# ISO: something w/ 2 egg yolks



## marmar (May 16, 2006)

I made muffins today that only called for egg whites. Miraculously, they were the moistest muffins I've made recently, which was pretty surprising. But anyways,  I have two egg yolks left, and was wondering if there was anything I could do with them that would not end up leaving me with extra whites from needing more than two egg yolks.

Does anyone have any recipes that call for only two egg yolks and is relatively easy to make?

If nobody has anything, I could just add the extra yolks to an omelette or something and make it fattier, but I was hoping I could get something more interesting out of them.


----------



## jpinmaryland (May 16, 2006)

Darn good question! I usually avoid recipes that use yolks or whites only for JUST THAT REASON...

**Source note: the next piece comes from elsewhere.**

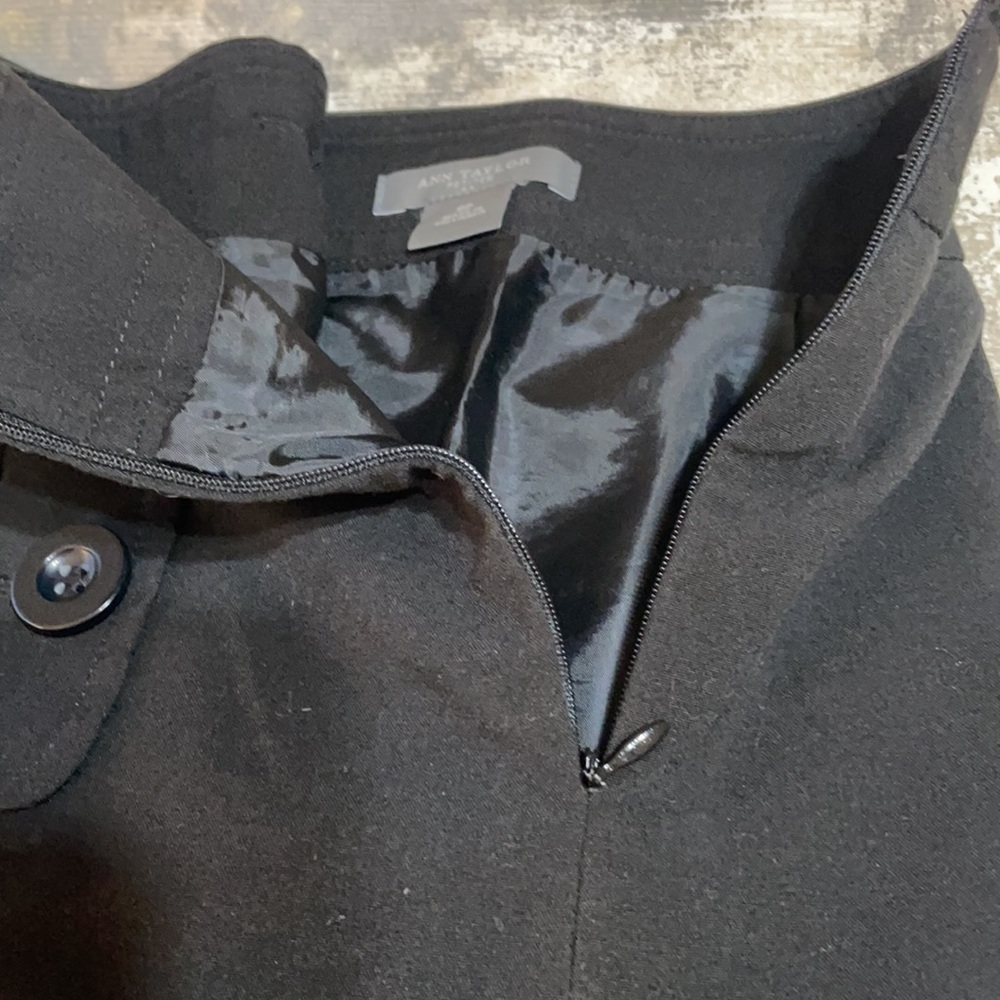 Ann Taylor Petites SZ 0P Black Mini Skirt Cute Front Button Detail and Side Zip - Picture 9 of 14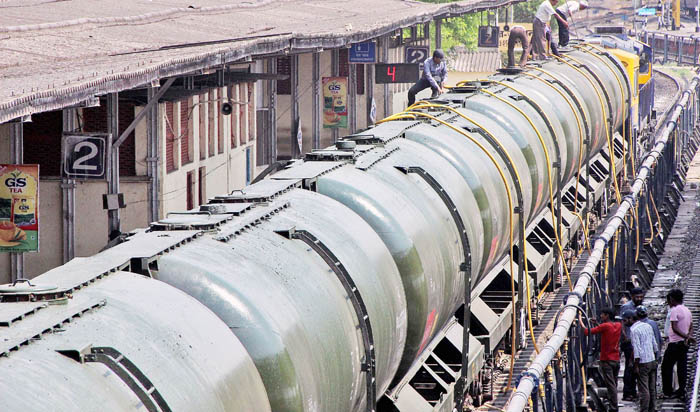 Train Takes 5 Lakh Litres Of Water To Drought Stricken Latur And Saves Lives AP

Can you make custard? Hmm...


----------



## htc (May 16, 2006)

You can make vietnamese pork...it's steamed and topped with egg yolks then steamed to let the yolk set and eaten with rice.


----------



## Gretchen (May 17, 2006)

Make a boiled custard base for ice cream--or just to drink.


----------



## amber (May 17, 2006)

You could add it to a stir fry.


----------



## urmaniac13 (May 17, 2006)

Yes, custard cream!!  Whip it with a half litre (pint) of milk, some flour and sugar, and cook in a double boiler until it attains a right consistency.

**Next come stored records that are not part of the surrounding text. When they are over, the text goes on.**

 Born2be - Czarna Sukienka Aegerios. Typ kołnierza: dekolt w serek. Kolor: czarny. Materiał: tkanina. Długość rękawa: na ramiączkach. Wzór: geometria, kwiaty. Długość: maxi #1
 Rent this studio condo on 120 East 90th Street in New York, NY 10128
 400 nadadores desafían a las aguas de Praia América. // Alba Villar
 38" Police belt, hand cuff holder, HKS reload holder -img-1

You can use it for a filling for tart (topped with fruit of your choice), pour over fruit crumbles, or as Gretchen suggested, base for ice cream, or any way your fancy suggests... a very versatile and tasty choice!


----------



## Constance (May 17, 2006)

If nothing else, feed them to your dog, over his feed. He'll love them, and they'll make his coat shiny.


----------



## marmar (May 17, 2006)

I would try the custard, except I don't have a double boiler and burned myself last week with my makeshift one. Would I be able to make custard without it? And any more specefic amounts for the flour and sugar? I've never made custardy things before.


----------



## BreezyCooking (May 17, 2006)

For just 2 extra egg yolks (or whites for that matter), I just add them to an omelette for the next day's breakfast.


----------



## marmar (May 17, 2006)

That was what I figured I could do... I was just hoping maybe there was something that called for yolks that I could make while I had them. 

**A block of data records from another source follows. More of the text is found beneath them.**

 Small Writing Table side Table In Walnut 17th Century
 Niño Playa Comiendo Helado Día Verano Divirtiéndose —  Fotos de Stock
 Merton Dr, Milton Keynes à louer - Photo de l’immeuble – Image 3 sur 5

If I don't figure out how I can make custard or have the other ingredients for it, that'll probably be what I end up doing tomorrow morning.


----------



## auntieshelly (May 17, 2006)

Here's a recipe for thumbprint cookies that uses two egg yolks.  I make them often with a variety of jellies.

Thumbprint Cookies
1 cup butter, softened
1/2 cup granulated sugar
2 egg yolks
2 teaspoons vanilla or almond extract
2 cups flour
1/2 teaspoon salt
1/2 cup finely ground pecans or walnuts
6-8 ounces jelly (your choice)

Cream butter and sugar unil light and fulffy.  Add egg yolks and extract and continue beating until well mixed.  Mix flour and salt together and add gradually, mixing until well blended.  Refrigerate dough for at least one hour.

Preheat oven to 350ºF and line cookie sheets with parchment paper.  Using about 1/4 of the dough at a time, pinch off small pieces and roll in balls about 1" in diameter.  Roll in finely ground nuts and place on prepared cookie sheets about 2" apart.  Use your thumb to make an indentation in the middle of each cookie.  Bake 10 minutes and remove from oven.  While cookies are hot, fill each "hole" with your favorite jelly.  (You may need to press the back of a small spoon in the center of the cookie to make the indentation a little deeper before adding the jelly.)  Bake 5 more minutes and remove from oven.  Cool for a few minutes before removing to a rack to cool completely.  Store in a tightly covered container. Makes about 48 cookies.


----------